## Given data:

★ ★ ★

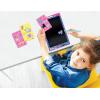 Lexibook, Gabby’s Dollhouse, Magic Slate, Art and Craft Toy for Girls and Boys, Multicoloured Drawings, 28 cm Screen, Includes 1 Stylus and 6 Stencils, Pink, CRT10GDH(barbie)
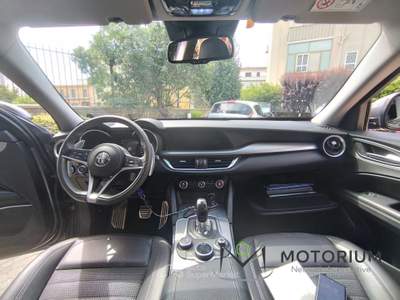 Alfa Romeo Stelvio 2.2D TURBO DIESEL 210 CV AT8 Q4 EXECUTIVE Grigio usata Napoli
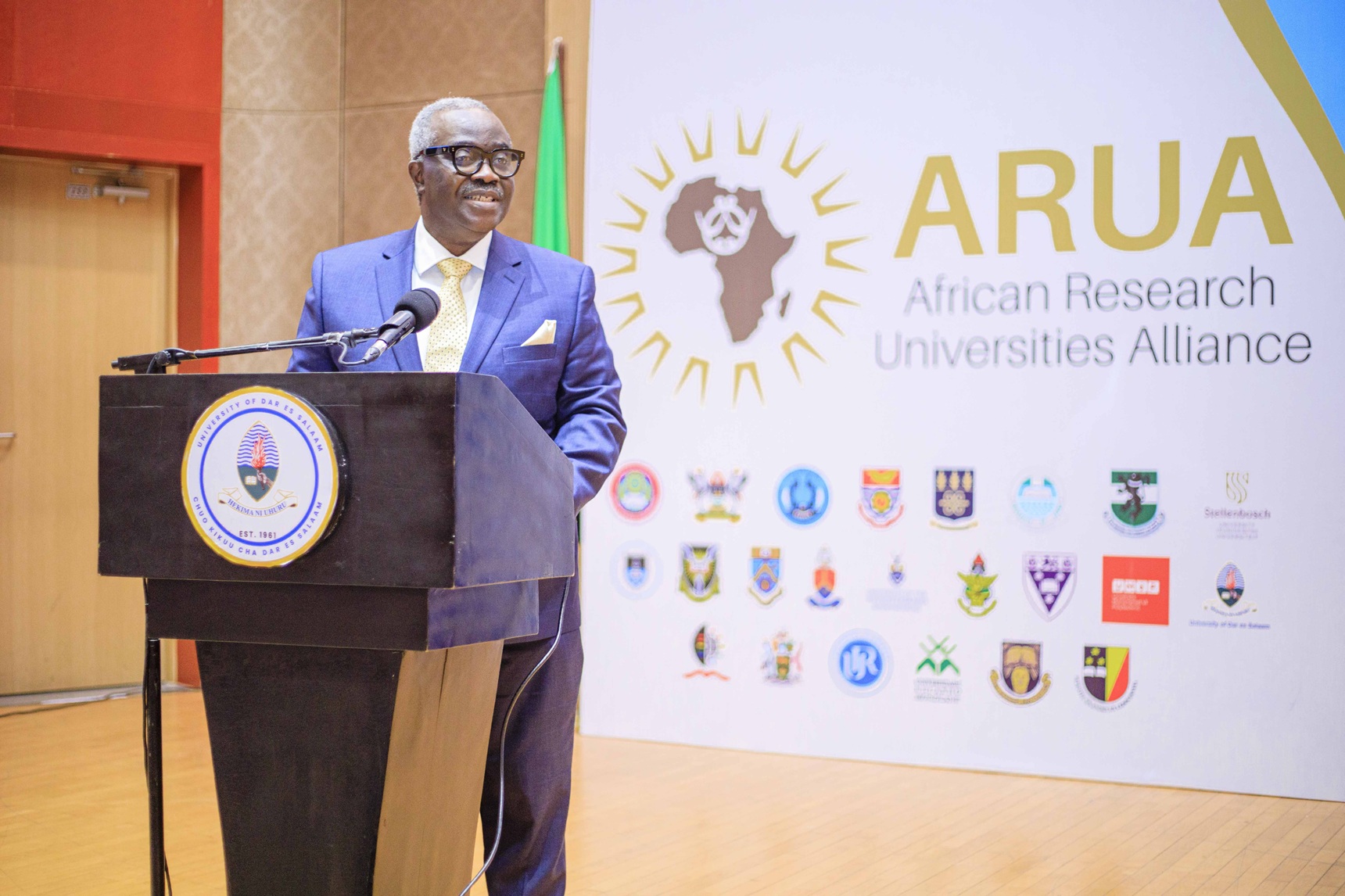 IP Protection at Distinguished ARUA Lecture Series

★ ★ ★

## Your task:
Word for word, repeat all the data, but not its images.

## Answer space:
 Lexibook, Gabby’s Dollhouse, Magic Slate, Art and Craft Toy for Girls and Boys, Multicoloured Drawings, 28 cm Screen, Includes 1 Stylus and 6 Stencils, Pink, CRT10GDH(barbie)
 Alfa Romeo Stelvio 2.2D TURBO DIESEL 210 CV AT8 Q4 EXECUTIVE Grigio usata Napoli
 IP Protection at Distinguished ARUA Lecture Series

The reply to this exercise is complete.